Highly multiplexed tissue imaging using any of a variety of optical and mass-spectrometry-based methods (Supplementary Table 1) combines deep molecular insight into the biology of single cells with spatial information traditionally acquired using histological methods, such as hematoxylin and eosin (H&E) staining and immunohistochemistry (IHC)1. As currently practiced, multiplexed tissue imaging of proteins involves 20–60 channels of two-dimensional (2D) data, with each channel corresponding to a different antibody or colorimetric stain (Fig. 1). Multiple inter-institutional and international projects, such as the Human Tumor Atlas Network (HTAN)2, the Human BioMolecular Atlas Program (HuBMAP)3 and the LifeTime Initiative4, aim to combine such highly multiplexed tissue images with single-cell sequencing and other types of omics data to create publicly accessible atlases of normal and diseased tissues. Easy public access to primary and derived data is an explicit goal of these atlases and is expected to encompass native-resolution images, segmented single-cell data, anonymized clinical metadata and treatment history (for human specimens), genetic information (particularly for animal models) and specification of the protocols used to acquire and process the data. Given the imminent release of the first atlases, an urgent need exists for data and metadata standards consistent with emerging Findable, Accessible, Interoperable, and Reusable (FAIR) standards5. In this commentary, we establish the Minimum Information about Highly Multiplexed Tissue Imaging (MITI) standard and associated data-level definitions; we also discuss the relationship of MITI to existing standards, practical implementations and future developments.

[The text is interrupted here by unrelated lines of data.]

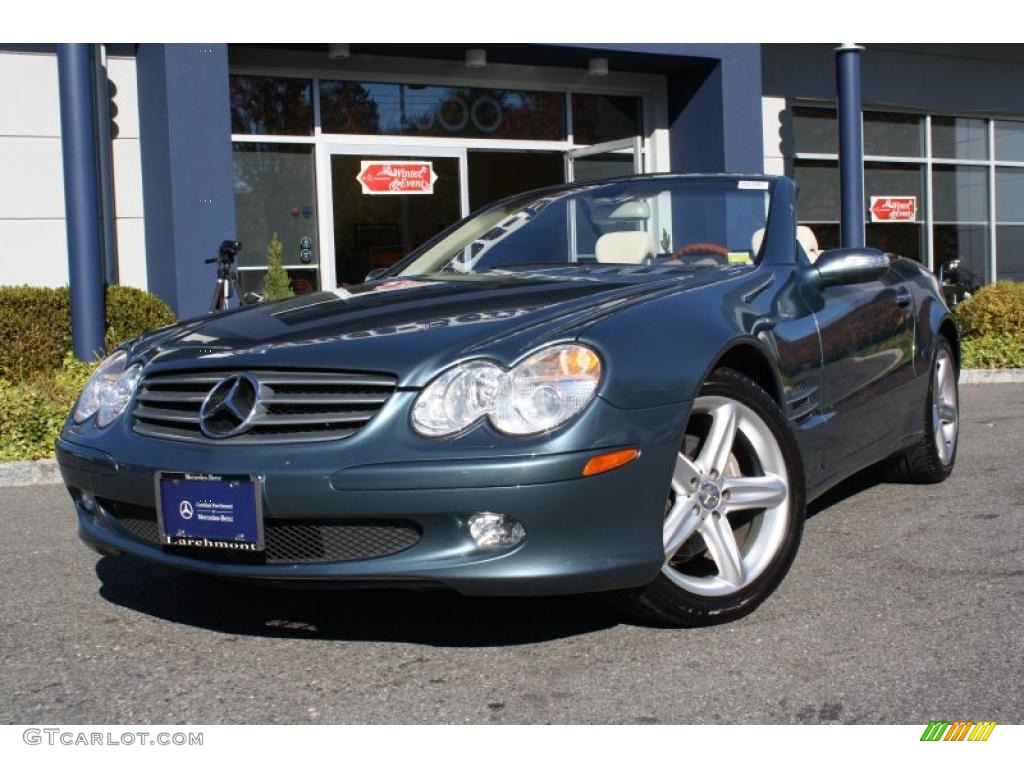 Aegean Blue Metallic 2004 Mercedes-Benz SL 500 Roadster Exterior Photo #39836834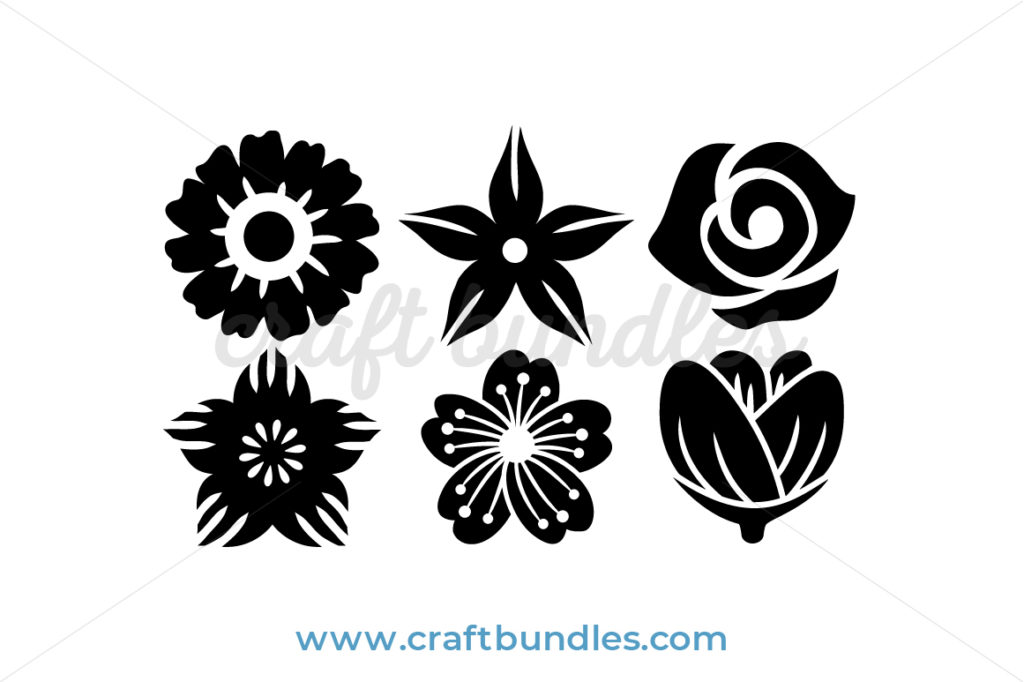 Simple Florals SVG Cut File - CraftBundles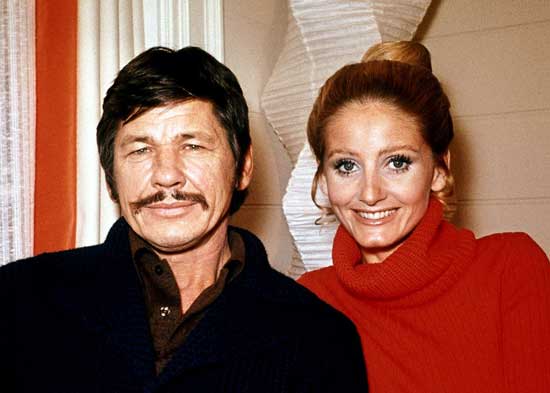 Charles Bronson with his wife Jill Ireland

Fig. 1: The steps in a canonical multiplexed tissue imaging experiment and the associated metadata.
figure 1

In a typical workflow, samples collected from patient biopsies and resections or from animal models are formaldehyde fixed and paraffin embedded or frozen, and are then sectioned and mounted onto either a standard glass microscope slide (for CyCIF, mIHC, IMC, MELC or mxIF), fluidic chamber (for CODEX) or specialized carriers (for MIBI). Clinical and biospecimen metadata (extracted from clinical records, for example) are linked to all other levels of metadata via a unique ID (Biospecimen ID). Data are acquired using cyclical or noncyclical staining and imaging methods, and both reagent and experimental metadata (consisting of antibody, reagent and instrument metadata) are collected. In both cyclic and noncyclic methods, sections undergo preprocessing, antigen retrieval and antibody incubation, and images are acquired. In cyclic imaging methods, fluorophores or chromogens are inactivated or removed and additional antibodies and/or visualization reagents are applied and data acquisition repeated. Channel and instrument metadata capture these essential details.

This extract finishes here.